列島はどこも被害ばかりだが、最も恐れられているのが富士山の大噴火である。その時、いったい何が起こるのか。日本人であれば知っておくべきだ。
■10センチ積もるだけで都心はパニック
気象庁気象研究所が「大規模噴火時の火山現象の即時把握及び予測技術の高度化に関する研究」を発表した。
簡単にいえば、富士山の大規模噴火(宝永噴火)の降灰量シミュレーション。1707年12月に起きた宝永噴火の噴煙の高さや継続時間の推定値を、実際の風向きなどの気象データ(2015~17年)に当てはめて推計したものである。
その結果が恐ろしい。東京都心部の降灰量は10センチ以上になるという。研究に携わった、同研究所火山研究部の新堀敏基主任研究官は言う。

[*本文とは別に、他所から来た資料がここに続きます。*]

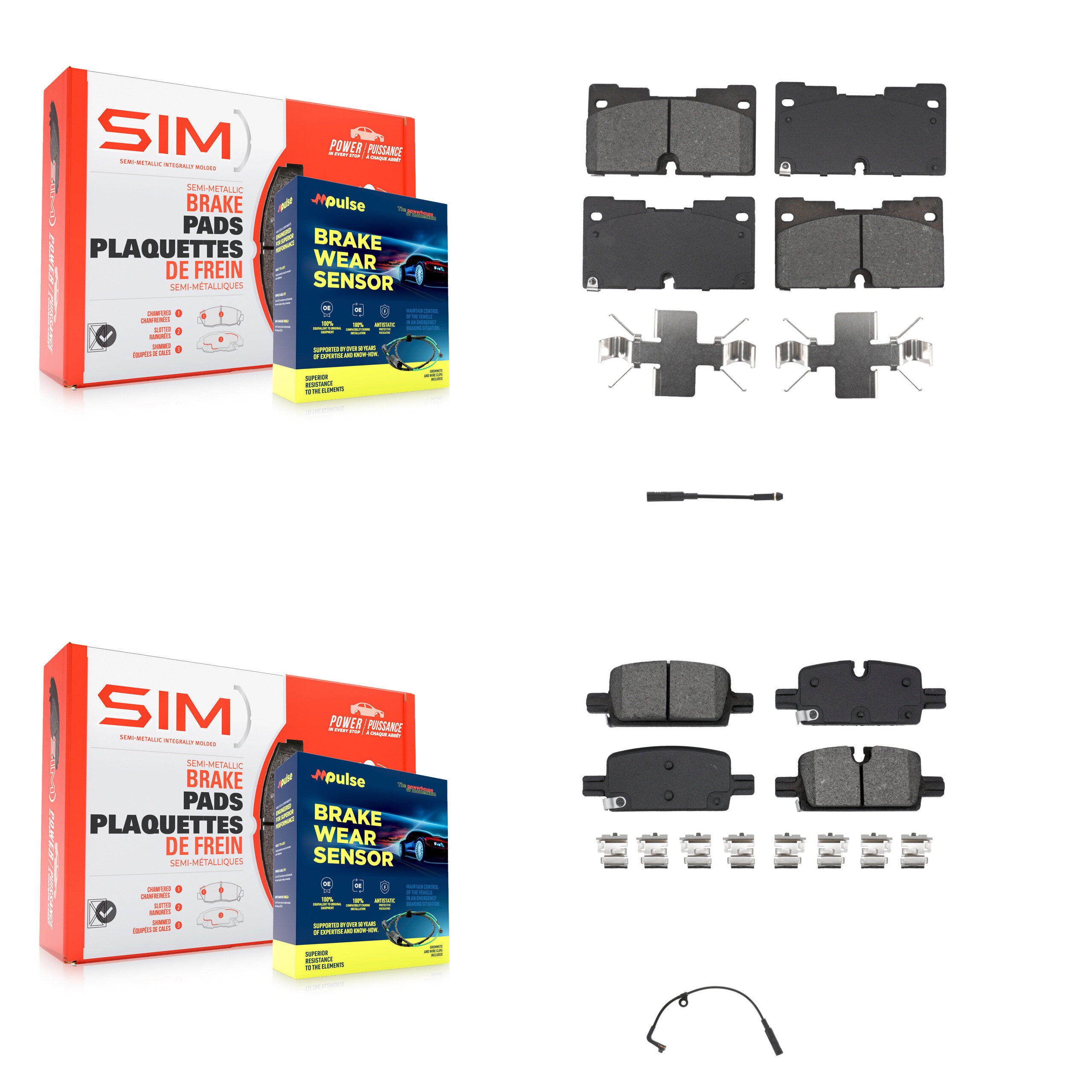 Front Rear Semi-Metallic Brake Pad Wear Sensor Kit For GMC Chevrolet Silverado 1500 Yukon KSW-100747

「3年間のデータを基に1096件の降灰事例を出しました。その結果、東京・大手町(都心部全般)は36事例で降灰量が10センチ以上になることが分かりました。
確率にすると3%ですが、大きな数字と捉えています。実際の宝永噴火の降灰分布を見ても十分にあり得る値です」
たかだか10センチでもバカにできないし、そもそも10センチは最低ラインと考えておいた方がいい。全パターンを重ね合わせた最大降灰量の分布図を見ると、神奈川全域、東京都、静岡、山梨各県の一部では最大30センチ~1メートルだ。
神奈川、静岡、山梨各県の一部地域では1メートルを超える。千葉、茨城、埼玉各県でも、最大10~30センチとなる可能性を指摘している。
宝永噴火では降灰が16日間続いた。同じように富士山が噴火した場合、山梨県と静岡県で75万人の避難者が出ると推定されている。
東京都心に住む場合、一斉避難は物理的に無理だろう。火山灰が舞う中での生活を強いられることになりそうだ。
気象庁が降灰予報で使用する降灰量階級表を見ると、1ミリ以上の降灰で地面は灰色に染まる。視界も濁るという。要するに、みんな身動きができなくなるのだ。